Voraussetzung ist ein ausreichend erhaltenes postoperatives Restgehör bei 500 und 250 Hz. Dieses sollte postoperativ bei 65 dB bzw 50 dB oder besser liegen. Die Abschätzung des implantationsbedingten Hörverlustes gelingt anhand vorhandener statistische Daten implantierter Patienten. Dies bedeutet, dass in der Regel der präoperative Hörverlust im Tieftonbereich bei 500 Hz nicht mehr als 55 dB und bei 250 Hz nicht mehr als 40 dB betragen sollte. Zusätzlich sollte der Patient ausreichende Hörerfahrung mit Hörgeräten haben und motiviert sein, ein Hybridsystem mit akustischer Komponente im Gehörgang zu tragen. Liegt bei dem Patienten eine chronische Gehörgangsentzündung vor, ist ggf. von dieser Versorgungsform Abstand zu nehmen.

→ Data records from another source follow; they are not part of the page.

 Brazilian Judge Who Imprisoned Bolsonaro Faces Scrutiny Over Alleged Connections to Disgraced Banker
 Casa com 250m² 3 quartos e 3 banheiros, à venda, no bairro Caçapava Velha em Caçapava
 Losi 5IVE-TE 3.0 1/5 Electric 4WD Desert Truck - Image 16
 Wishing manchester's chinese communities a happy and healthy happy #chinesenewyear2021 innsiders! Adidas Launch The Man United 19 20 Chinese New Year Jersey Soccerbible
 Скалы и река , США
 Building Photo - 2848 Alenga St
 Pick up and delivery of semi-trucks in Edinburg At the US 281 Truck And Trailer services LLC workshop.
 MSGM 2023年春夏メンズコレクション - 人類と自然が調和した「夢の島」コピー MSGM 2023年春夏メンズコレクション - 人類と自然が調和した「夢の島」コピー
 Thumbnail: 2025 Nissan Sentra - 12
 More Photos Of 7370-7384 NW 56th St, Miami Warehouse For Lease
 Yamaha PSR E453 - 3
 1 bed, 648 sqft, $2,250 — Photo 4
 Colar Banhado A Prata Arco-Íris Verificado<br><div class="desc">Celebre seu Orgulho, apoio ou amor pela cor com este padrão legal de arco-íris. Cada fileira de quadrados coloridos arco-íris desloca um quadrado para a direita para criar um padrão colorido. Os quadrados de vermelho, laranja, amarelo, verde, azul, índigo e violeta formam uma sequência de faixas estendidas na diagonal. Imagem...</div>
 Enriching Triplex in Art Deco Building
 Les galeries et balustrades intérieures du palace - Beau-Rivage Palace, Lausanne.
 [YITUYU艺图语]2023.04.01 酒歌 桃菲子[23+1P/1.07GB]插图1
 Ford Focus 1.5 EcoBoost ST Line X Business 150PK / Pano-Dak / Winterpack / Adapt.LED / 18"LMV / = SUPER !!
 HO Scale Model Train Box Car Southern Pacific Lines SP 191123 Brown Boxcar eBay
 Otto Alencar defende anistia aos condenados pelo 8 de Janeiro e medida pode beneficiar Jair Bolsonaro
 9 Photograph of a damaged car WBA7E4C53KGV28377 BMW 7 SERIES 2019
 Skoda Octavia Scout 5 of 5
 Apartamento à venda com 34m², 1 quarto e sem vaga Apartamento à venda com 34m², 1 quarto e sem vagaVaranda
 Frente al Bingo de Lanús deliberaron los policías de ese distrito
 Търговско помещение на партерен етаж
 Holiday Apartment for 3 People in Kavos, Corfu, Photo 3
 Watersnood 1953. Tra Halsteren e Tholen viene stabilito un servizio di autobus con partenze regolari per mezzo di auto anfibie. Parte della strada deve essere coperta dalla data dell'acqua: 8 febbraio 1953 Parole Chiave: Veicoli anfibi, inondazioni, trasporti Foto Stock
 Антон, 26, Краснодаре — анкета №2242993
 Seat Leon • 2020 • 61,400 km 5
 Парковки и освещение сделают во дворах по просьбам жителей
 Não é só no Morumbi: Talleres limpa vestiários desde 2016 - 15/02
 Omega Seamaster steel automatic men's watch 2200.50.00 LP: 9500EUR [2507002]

Bei einer Hörschwelle im Tieftonbereich von 20 dB und besser kann die effektive Nutzung des Restgehörs ohne Hörgerätekomponente erfolgen (sog ENS Electro-Natural Stimulation) ([Abb. 15]).
Auch in der Versorgung von Kleinkindern sollte das Restgehör speziell im Tieftonbereich getestet werden, um es für EAS oder ENS nutzen zu können. Etwa 20% der Kinder kommen dafür in Frage.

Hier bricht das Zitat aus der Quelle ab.